Submodular Slipfaces and Recovery of ASP Permutations

This section shows that submodular slipfaces are exactly those arising from ASP permutations.

theorem Submodular.unique_a_helper {s : SlipFace} (hsub : s.submodular) (A A' b : ℤ) (hA : ∀ a ≤ A, s.func a b = 0) (hA' : ∀ a ≥ A', s.dual.func (b + 1) a = 0) : A ≤ A' ∧ ∑ a ∈ Finset.Ico A A', s.Δ a b = 1

theorem Submodular.unique_a {s : SlipFace} (hsub : s.submodular) (b : ℤ) : ∃! a : ℤ, (a, b) ∈ s.Γ

theorem Submodular.unique_b {s : SlipFace} (hsub : s.submodular) (a : ℤ) : ∃! b : ℤ, (a, b) ∈ s.Γ

noncomputable def Submodular.asp_func {s : SlipFace} (hsub : s.submodular) : ℤ → ℤ

Equations

• Submodular.asp_func hsub b = Exists.choose ⋯

theorem Submodular.asp_func_spec {s : SlipFace} (hsub : s.submodular) (a b : ℤ) : asp_func hsub b = a ↔ (a, b) ∈ s.Γ

theorem Submodular.asp_bijective {s : SlipFace} (hsub : s.submodular) : Function.Bijective (asp_func hsub)

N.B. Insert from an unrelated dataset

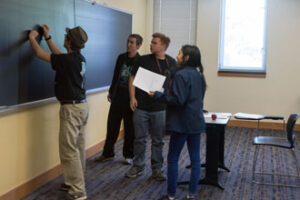 Students writing on a chalkboard.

noncomputable def Submodular.asp {s : SlipFace} (hsub : s.submodular) : AspPerm

Equations

• Submodular.asp hsub = { func := fun (b : ℤ) => Exists.choose ⋯, bijective := ⋯, asp := ⋯ }

theorem Submodular.asp_spec (s : SlipFace) (hsub : s.submodular) : (asp hsub).sf = s

theorem Submodular.submodular_iff_asp (s : SlipFace) : s.submodular ↔ ∃ (α : AspPerm), α.sf = s

A slipface is submodular if and only if it is of the form $s_\alpha$ for some ASP permutation α.

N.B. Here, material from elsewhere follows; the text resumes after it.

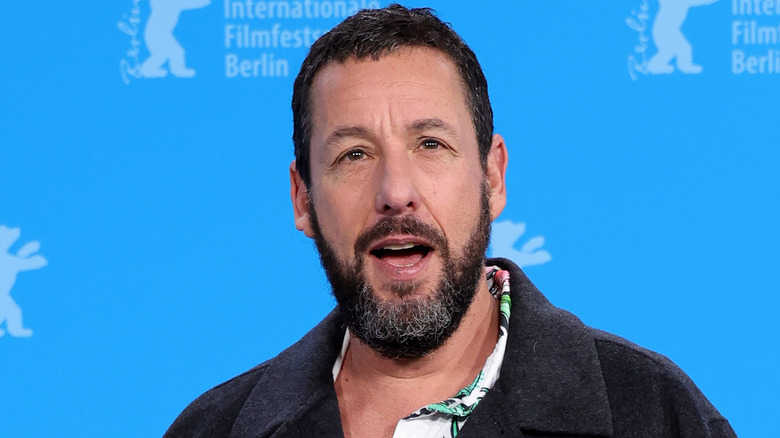 Adam Sandler looking out with mouth open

This is the paper's identification of $\mathrm{ASP}$ with the submodular slipfaces; in Lean the map $\alpha \mapsto s_\alpha$ is implemented as α ↦ α.sf. Proposition 4.3.

noncomputable def Submodular.AspValley (α β : AspPerm) (a b : ℤ) : Valley

The valley $\ell \mapsto s_\alpha(a,\ell) + s_\beta(\ell,b)$.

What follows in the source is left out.